A vigil may be held on the eve of a religious festival, observed by remaining awake—"watchful"—as a devotional exercise or ritual observance on the eve of a holy day.

Most likely the best-known vigil is the Easter held at night between Holy Saturday and Easter Sunday.

During the Middle Ages, a squire on the night before his knighting ceremony was expected to take a cleansing bath, fast, make confession, and then hold an all-night vigil of prayer in the chapel, preparing himself in this manner for life as a knight.

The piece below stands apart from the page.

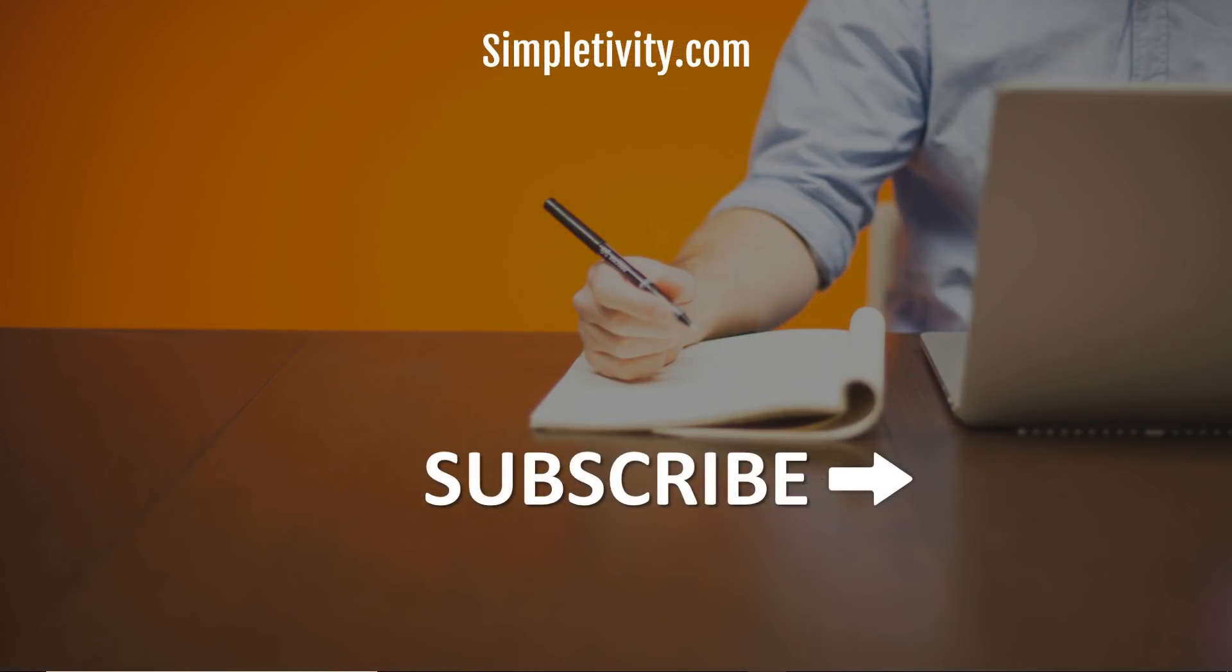I want to thank you so much for watching today's video. If you enjoyed today's tutorial, be sure to give this video a like, leave me a comment and subscribe right here to Simpletivity. Remember, being productive does not need to be difficult. In fact, it's very simple.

In Christianity, especially the Eastern Orthodox and Roman Catholic traditions, a vigil is often held when someone is gravely ill or mourning. Prayers are said and votives are often made. Vigils extend from eventual death to burial, ritualistically to pray for a loved one, but more so their body is never left alone.  
                                                                                                                         
Source: Wikipedia

Vigil at dawn. Photo by Avi Allen
 

12 Women made Vigil for 7 hours from midnight on 31st March to dawn on Easter Day, April Fool’s Day 2018 at Capel y Graig, Ffwrnes. This represented the final instalment of my ‘7 Sundays in Spring’ durational everyday art piece. On preparing to write my usual reflective blog, another form invited itself. It announced itself as needing to ‘break the form’ of the ones which went before. This reflection comes in the form of a poem comprised of 12 sections, each in honour of one of the 12 women who made Vigil.

1st Woman
The 1st Woman put out the call.
 ‘To express and honour the grief and pain
of the world by holding Vigil
from midnight to first light.’
7 hours in all.

The women came. A hard-love call.
7 the number of this game, of
7 Sundays in Lent,
with ‘all the women I’ve ever met.’

13 Women Making,
16 Women in the Woods,
44 Women Walking,
11 Women Remembering,
13 Women Dancing,

IN PREPARATION FOR
16 Souls invoking Isis
and then a final all-nighter,
from mid-night into Oestre/ Easter Day.

The 7th Sunday cracks open
the well-laid, well-made form.
In Capel y Graig we gather.
12 Women making Vigil from midnight into dawn.
Christ is risen with the April Fool.
Happy Easter / Oestre all.

2nd Woman
This dreaded woman has come to 6 Sundays.
She travels by hook and by crook.
Something is making her, breaking her,
calling her to learn the lost art of grief.

She is gifted with a dark night
of the soul.
This, her first Vigil.
The first for most.
She, 2nd Woman is blessed with a companion.
An unexpected one who needs cradling into death.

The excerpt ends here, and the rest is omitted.